With the pictures left out, print exactly the lines below that run from the one containing "Mexen Velar Duo, sprchový" through the one containing "Actual product image".

Data for analysis.
-.-.-
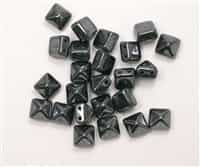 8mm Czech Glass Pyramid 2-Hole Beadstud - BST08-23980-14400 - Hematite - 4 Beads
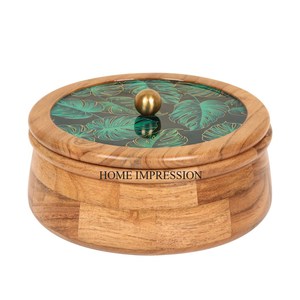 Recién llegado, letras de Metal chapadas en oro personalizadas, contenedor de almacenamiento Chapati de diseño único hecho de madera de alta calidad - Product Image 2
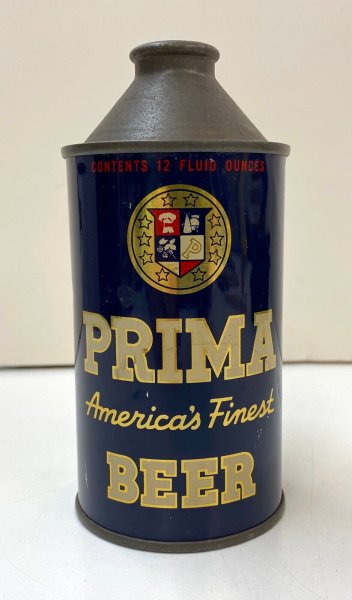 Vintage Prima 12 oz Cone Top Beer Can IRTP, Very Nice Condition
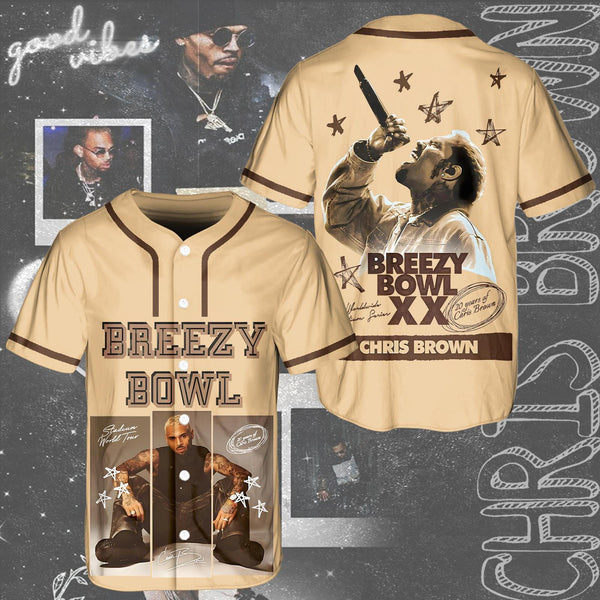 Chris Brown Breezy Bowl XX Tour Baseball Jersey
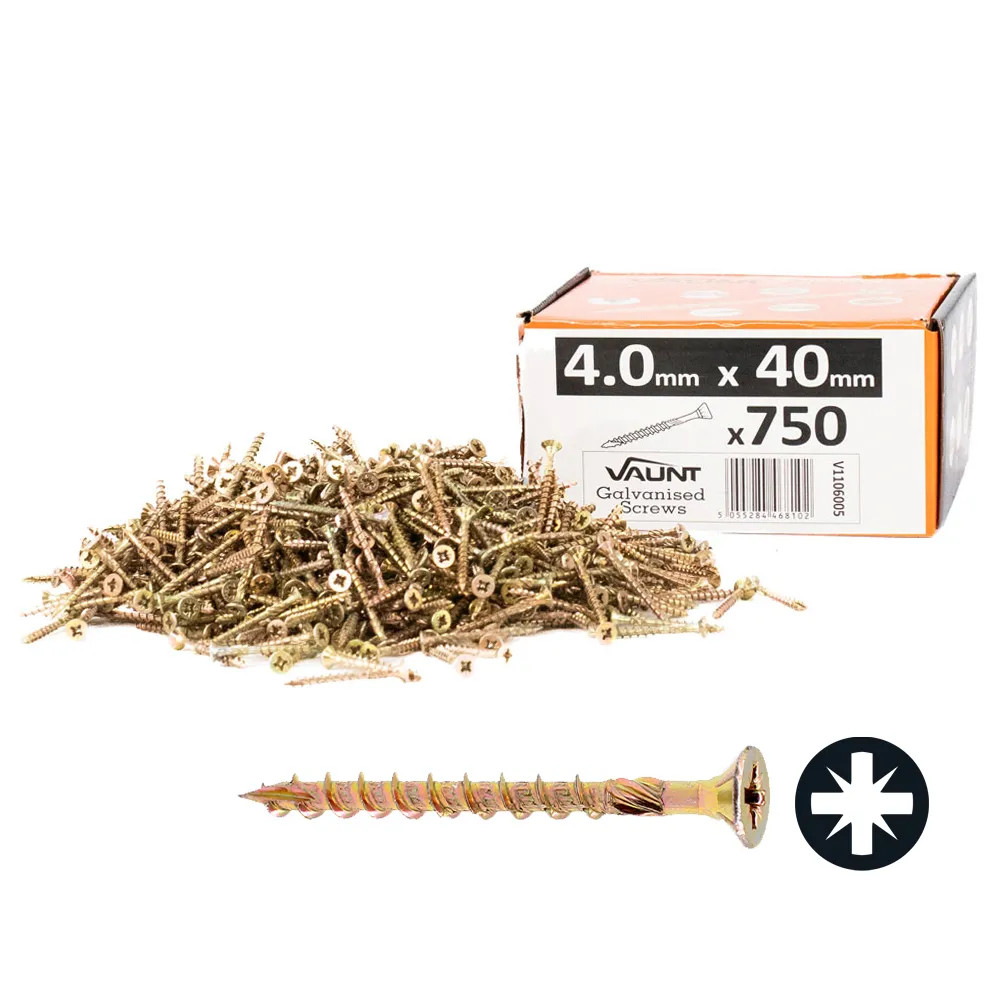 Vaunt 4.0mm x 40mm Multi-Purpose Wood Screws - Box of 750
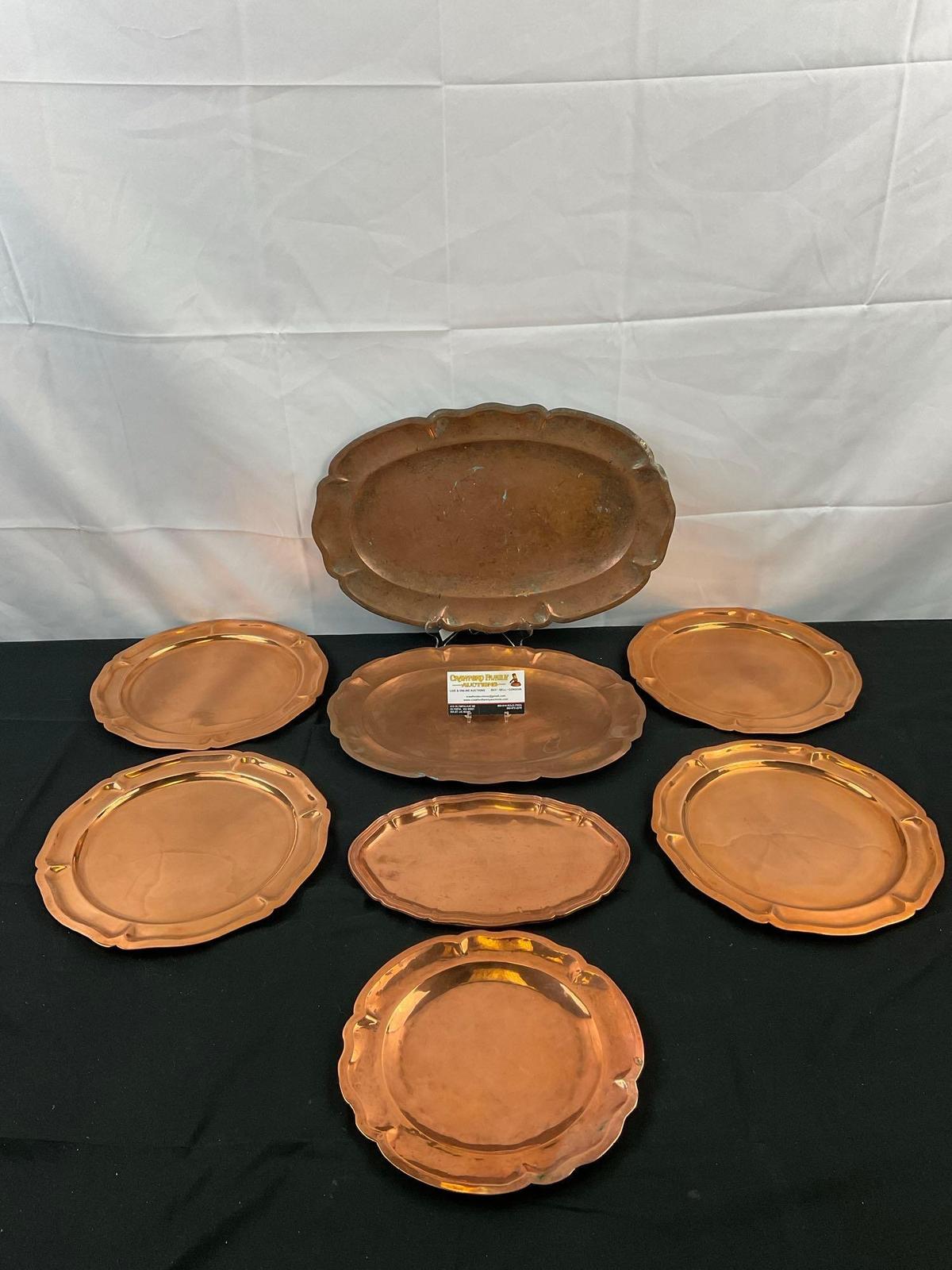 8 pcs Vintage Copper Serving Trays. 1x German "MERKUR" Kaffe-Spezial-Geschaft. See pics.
-.-.-
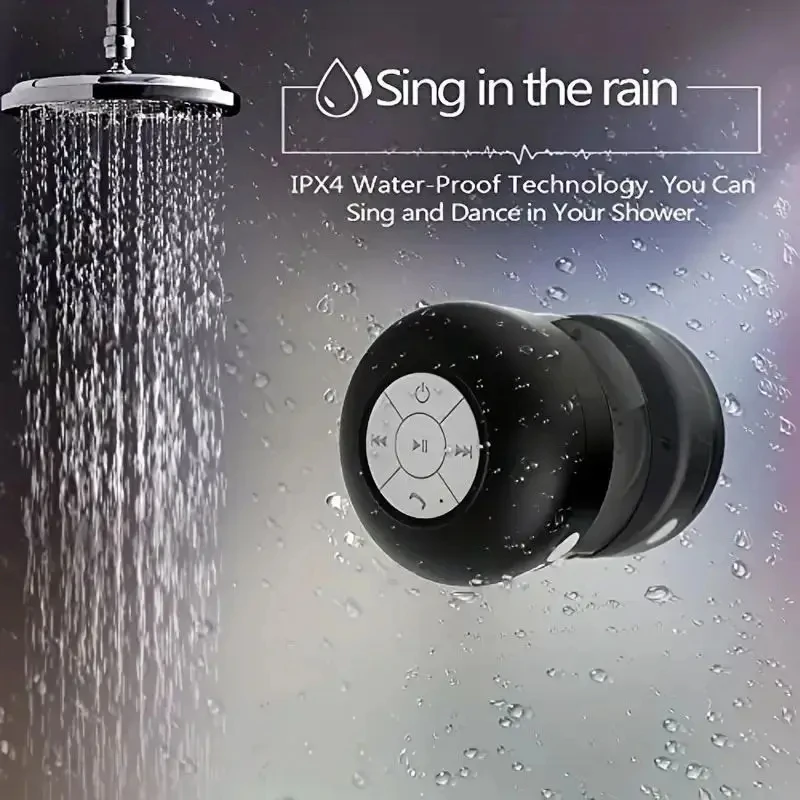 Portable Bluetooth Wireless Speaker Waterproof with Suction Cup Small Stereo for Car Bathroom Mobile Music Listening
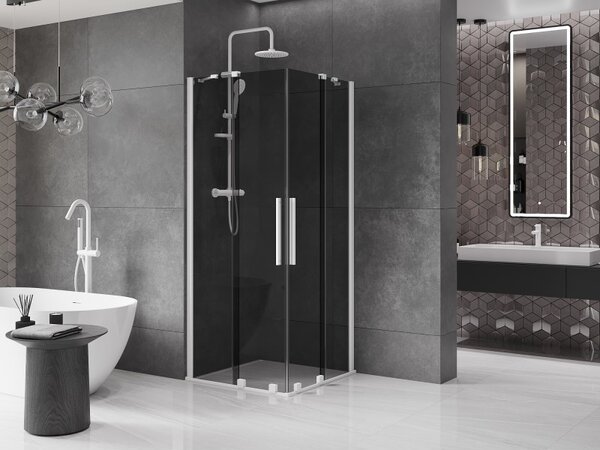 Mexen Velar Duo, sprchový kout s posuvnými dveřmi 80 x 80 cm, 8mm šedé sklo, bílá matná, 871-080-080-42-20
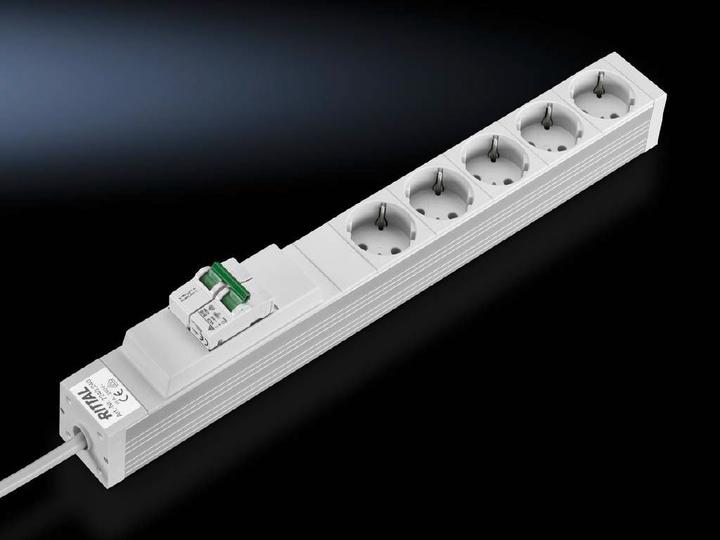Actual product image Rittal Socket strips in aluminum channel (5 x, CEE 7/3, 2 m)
-.-.-
Answer space.
 Mexen Velar Duo, sprchový kout s posuvnými dveřmi 80 x 80 cm, 8mm šedé sklo, bílá matná, 871-080-080-42-20
Actual product image Rittal Socket strips in aluminum channel (5 x, CEE 7/3, 2 m)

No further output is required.